Dataset items:
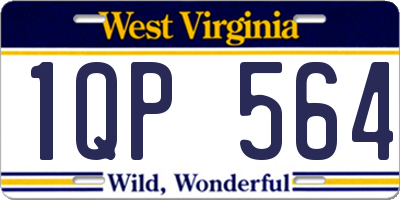 WV license plate 1QP564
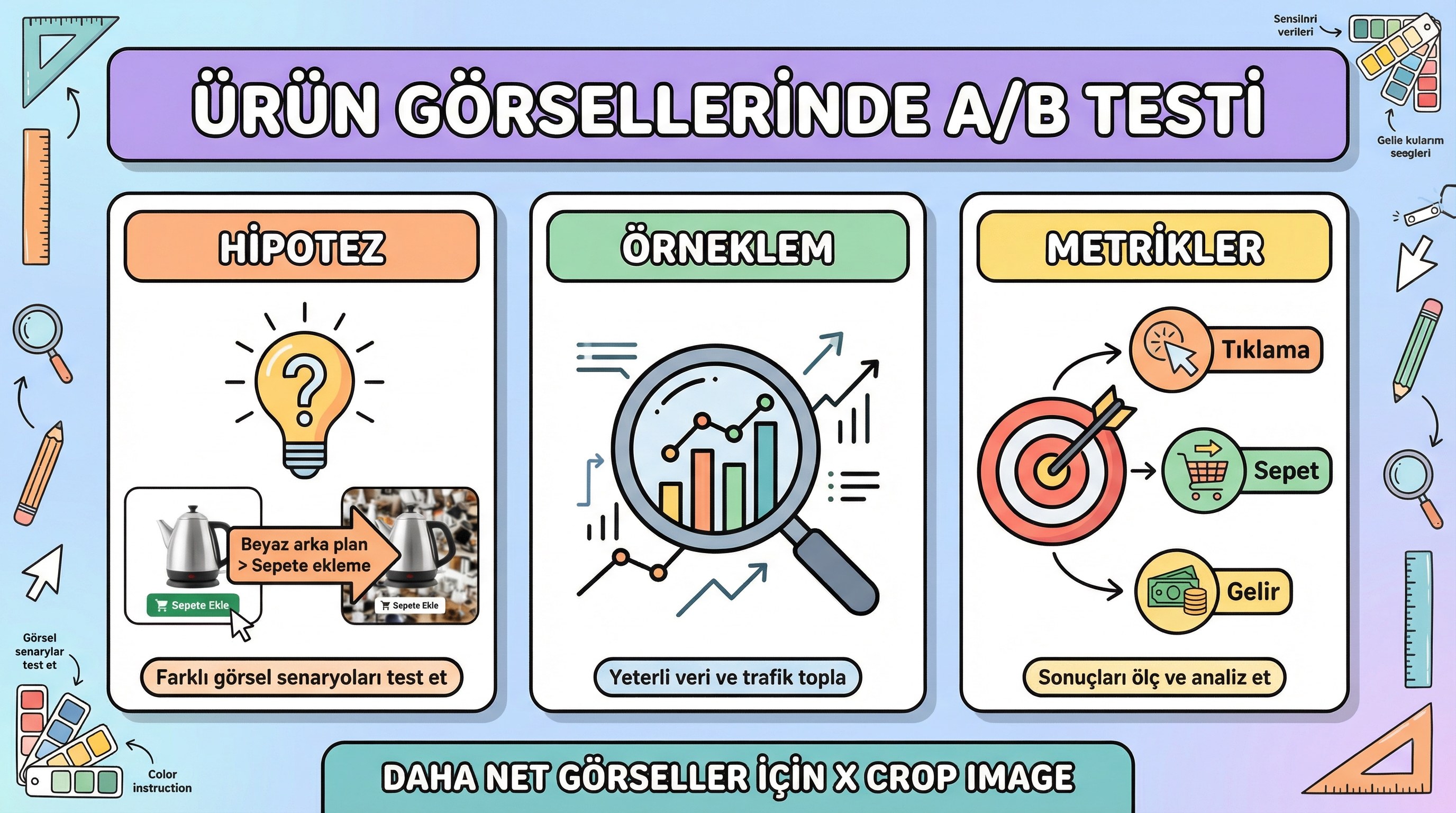 Ürün görsellerinde A/B testi: hipotez, örneklem ve metrik seçimi.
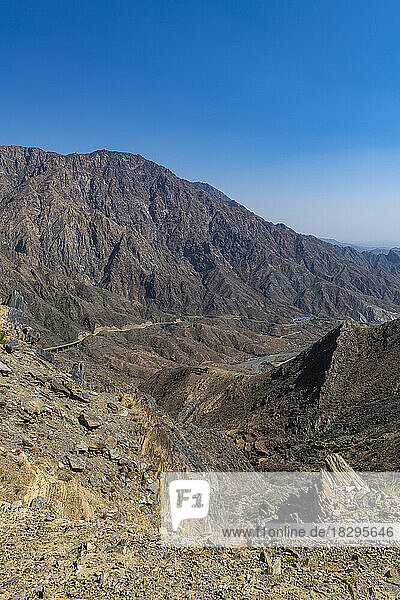 Saudi Arabia  Al Baha road winding through rocky mountains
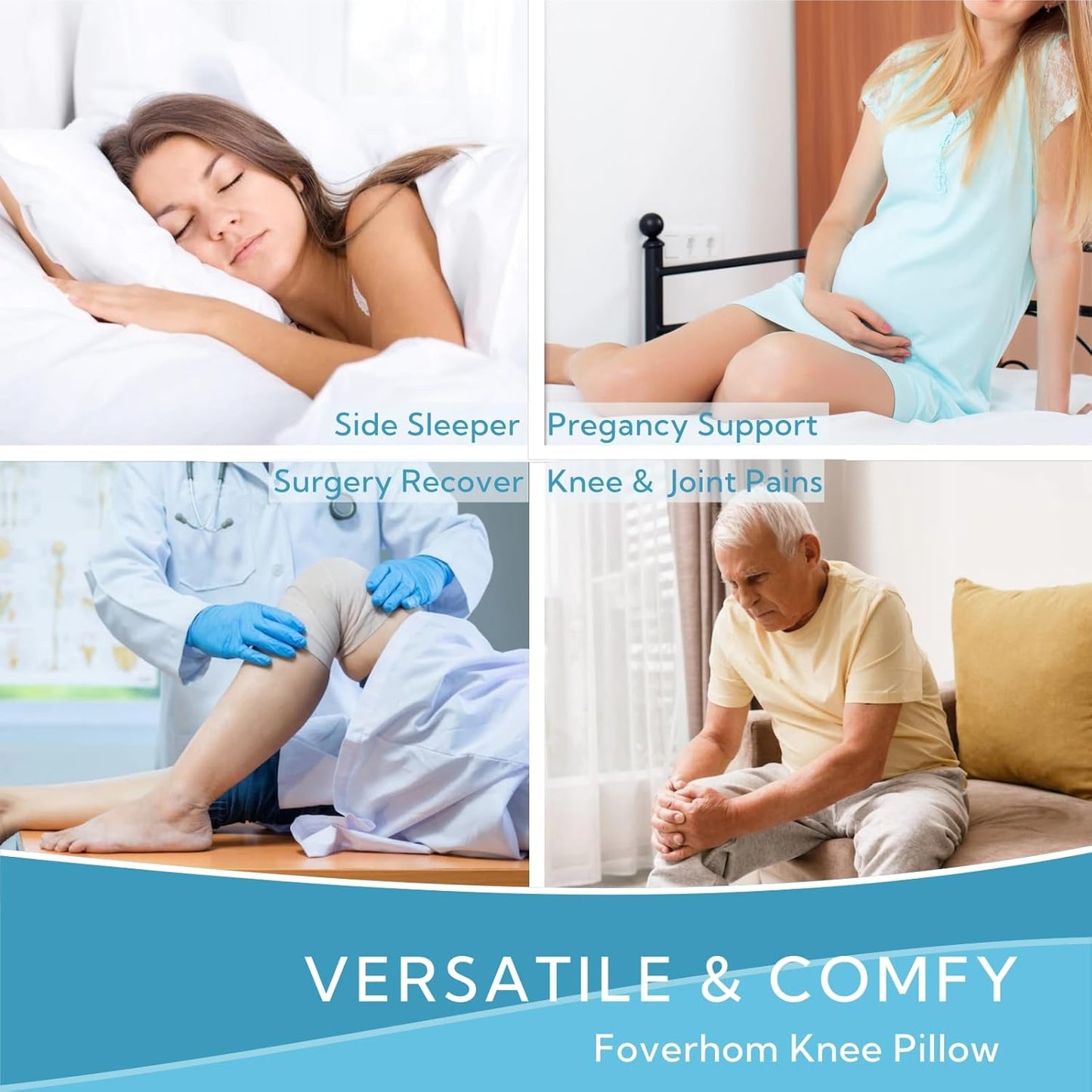 Memory Foam Knee Pillow,Orthopedic Leg Pillow for Sciatica Relief,Back Pain, Pregnancy, Leg Pain, Hip Pain and Sciatica Relief, Grey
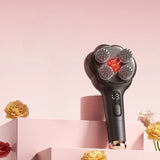 Cat Paw Full-Body Massage Comb, Multi-Level Microcurrent + Red Light, Detachable & Washable, Stress Relief for Office & Students(black)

Task brief: Lines before the one containing "Memory Foam Knee" are not wanted; write out that line and every later line through the end of the data above, exactly, without pictures.

Response box:
 Memory Foam Knee Pillow,Orthopedic Leg Pillow for Sciatica Relief,Back Pain, Pregnancy, Leg Pain, Hip Pain and Sciatica Relief, Grey
 Cat Paw Full-Body Massage Comb, Multi-Level Microcurrent + Red Light, Detachable & Washable, Stress Relief for Office & Students(black)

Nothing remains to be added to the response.